9/6

夢の中で上原の顔は高校時代とてもよくしてくれた国語の先生のそれで、私はかず子の目で彼の顔を見上げていたが、決してかず子は私じゃなかった。「しくじった」という言葉がいやに胸に残って、放課後ノートを持って行くついでに職員室の前で立ち話する時なんか、その先生が例のにやついた顔で「しくじった」というところをいつも想像するのだった。片想いなしには生きられない性分であるらしく、毎回都合のいい相手をその座に据えて、頭の中で勝手にあれこれ言わせたり、意味のない仕草に意味を見出してどぎまぎするのが癖だった。半分は勉強に張合いを持たせるためでもあって、打算の混じった小汚い片想いである。友人の中には「あの先生が好き」と公言してはばからない人もいて、そういう健やかさを妬ましく思った。クラス中に応援されながら先生に頭をなでてもらいに行った子のことを、そんなことをしたって好意がかえってくるわけでもなし、とひねくれた目で見ていた。
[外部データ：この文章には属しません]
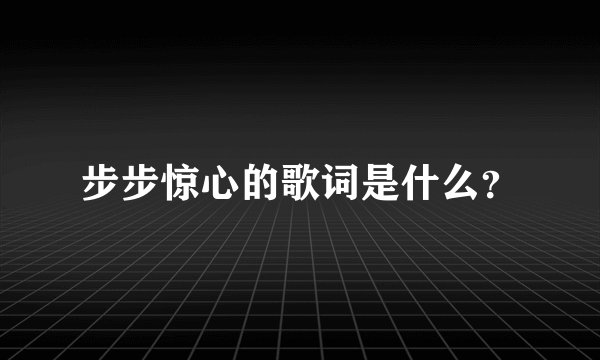 步步惊心的歌词是什么？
『斜陽』はあれきり読んでいなくて、昨日話題に挙がった時もろくな内容を思い出せなかった。久々にサークルの友人が6人くらい集まって、一人の家で飲んでいて、夜中に水やら酒やら買い足しに行った帰りだった。私の為にそういう内容を持ち出してくれたのは分かったから、何か返さないとと思ったけれど、「太宰の書く女は理想化されているから、あんなのいないと思った方がいい」とかなんとか、よそで聞いたことのある話を持ち出して、その実私は聖母の実在を信じていて、そんなことひとかけらも思っていないので、自分にすごく腹が立った。

川辺でピノを食べながら暫く話し込んでいた。もう1人が「しくじった」のことを持ち出した。そいつも「しくじった」が一番格好いいと思って、鉛筆で線を引いたんだと言っていた。私はそいつとこういう所で気が合ってしまって、以前はこんな一致に舞い上がっていたけれど、今は却って淋しく感じる。太宰の話をしはじめた1人は、「しくじった」には何の感興もよびおこされなかったらしい。2人して煙草を吸い始めるので、一本試しに貰ったけれど、全然吸えたもんじゃなかった。喉元に煙が当たるだけで視界が灰色になって、いがいがして、寿命が二秒縮まった。煙草を吸う人の気持ちがまだ全然わからない。

かず子はどうして子どもが欲しかったんだろう。かず子にはお母さんがすべてだった。お母さんが死んで、財産も頼れる身寄りもないかず子がこれから戦って生きていくためには、恋の成就と子どもが必要だった?

太宰の書く女はいつもかわいくて、腹が立つ。信仰心が厚くって、悲しいことがあるとすぐに目を潤ませる。一人で生きて行けるたくましさがあるのに、頼りない酒飲みの男を放っておけなくて、聖母みたいに手を差し伸べる。かず子は上原に追いすがってばかりみたいだけど、かず子が追いすがってくれるお陰で、上原にも幾分か救われている部分があると思う。こういう女を、女にも男にも好かれるように書いて見せる太宰に腹が立つ。打算も小狡さも全部幼さにすり替えるところに腹が立つ。「こういう風にしか生きられない」、そんなことがあってたまるか。自分で死ななくたって、赤ら顔した歯抜けの子を孕まなくたって、もっと明るく愉快に続いていく方法は必ずあったはずじゃないか。腹が立つ。腹が立つ一方で、人間生の真理を見せつけられて深く納得している自分もいるのである。今日読み返した感想はそんなところである。あとは、ヨイトマケだって畑仕事だって何でもやってみせるわ、と自分に言って聞かせるかず子が、年下みたいに愛しかった。